In our study, while Ang-1 did not have a significant prognostic implication, serum Ang-2 was more promising as a potential prognosticator; with levels >4756 pg/ml associated with earlier time to disease progression. The exact value for the cut-off will require prospective validation in another data set. Whether the level of serum Ang-2 is also a predictor of survival will require re-evaluation after prolonged follow-up.
Currently, there are no accurate biochemical markers to aid in the diagnosis of progressive disease in patients with NETs. Even though CgA has been reported to have prognostic value especially in midgut carcinoid tumours (Janson et al. 1997), it is not 100% sensitive. Therefore, the use of Ang-2 in patients with NET could serve as a marker indicating likelihood of developing progressive disease.
There was no significant difference in Ang-2 levels between patients treated with SST analogues and those not. Since SST analogues are thought to inhibit angiogenesis through a number of pathways, the lack of difference between the groups at first may seem surprising. However, there may be a number of reasons no difference is seen, most importantly is the heterogeneity of the groups. The tumour load of patients on SST analogues is often greater than those not on SST analogue therapies, since these patients all have metastatic tumours and hence syndromic. We have demonstrated that patients with large-volume disease generally had high Ang-2 levels.
We have demonstrated by immunohistochemistry that a minority of NET cells strongly express Ang-2 in contrast to the normal liver. We did not find any clear correlation between tumour staining and serum levels. There are three explanations for this; first, there may be heterogeneity of expression within the tumour, as we have demonstrated clearly in one case, and one small sample may not be representative. Second, the Ang-2 serum level appears to be related to tumour burden. Hence, a small tumour with high Ang-2 expression may result in a lower serum level than a bulky metastatic tumour with a lower Ang-2 expression.
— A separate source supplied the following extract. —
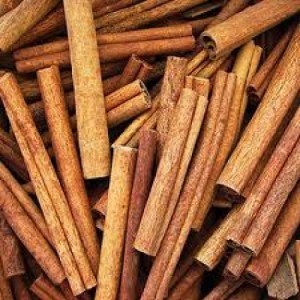 Cinnamon Essential Oil ORGANIC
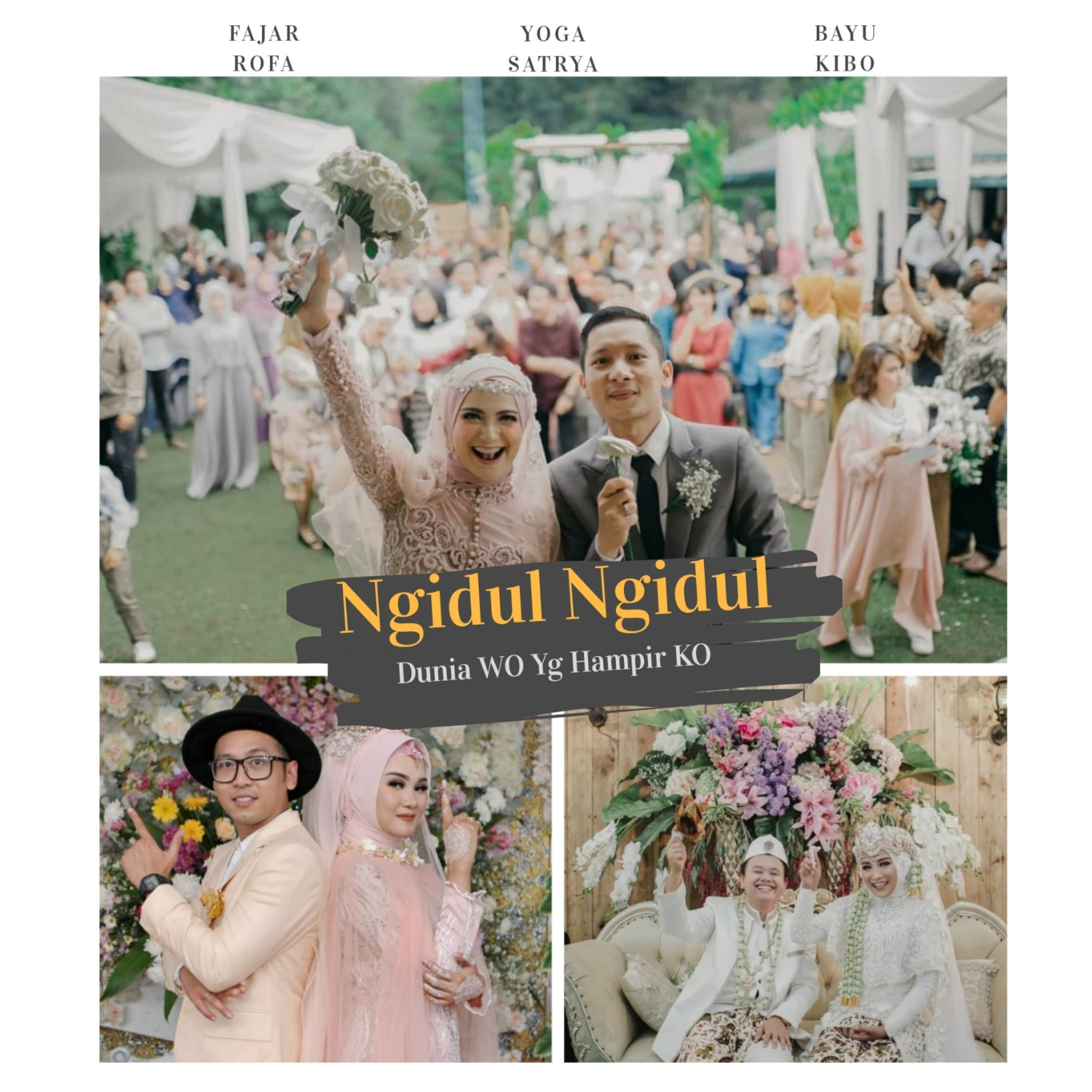 Ngidul Ngidul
Finally, we cannot exclude the possibility that the Ang-2 arises from another source, but its release is associated with tumour.
There were limitations with our study; first, the study incorporated a rather diverse group of patients including patients with NETs with a foregut, midgut and those with unknown primaries. Second, the study group had a number of different previous treatments and some patients had stable disease without any evidence of radiological progression, while others had progressive disease at time of serum collection. This may in part explain the heterogeneity identified with Ang-1 and Ang-2 levels.
In conclusion, this is the first study reporting that serum Ang-2 is elevated in patients with NETS and that it may serve as a useful marker in NETs for monitoring and prognostication. A greater understanding of the role of Ang-1 and -2 in the pathogenesis of NETs may provide an opportunity for the development of effective therapy.
Declaration of interest
The authors declare that there is conflict of interest that could be perceived as prejudicing the impartiality of the research reported.
Funding
This research did not receive any specific grant from any funding agency in the public, commercial or not-forprofit sector. G Dancey is funded by Cancer Research UK and the work was supported by the UCL Experimental Cancer Medicine Centre. Part of this work was undertaken at UCLH/UCL who received a proportion of funding from the Department of Health's NIHR Biomedical Research Centres funding scheme.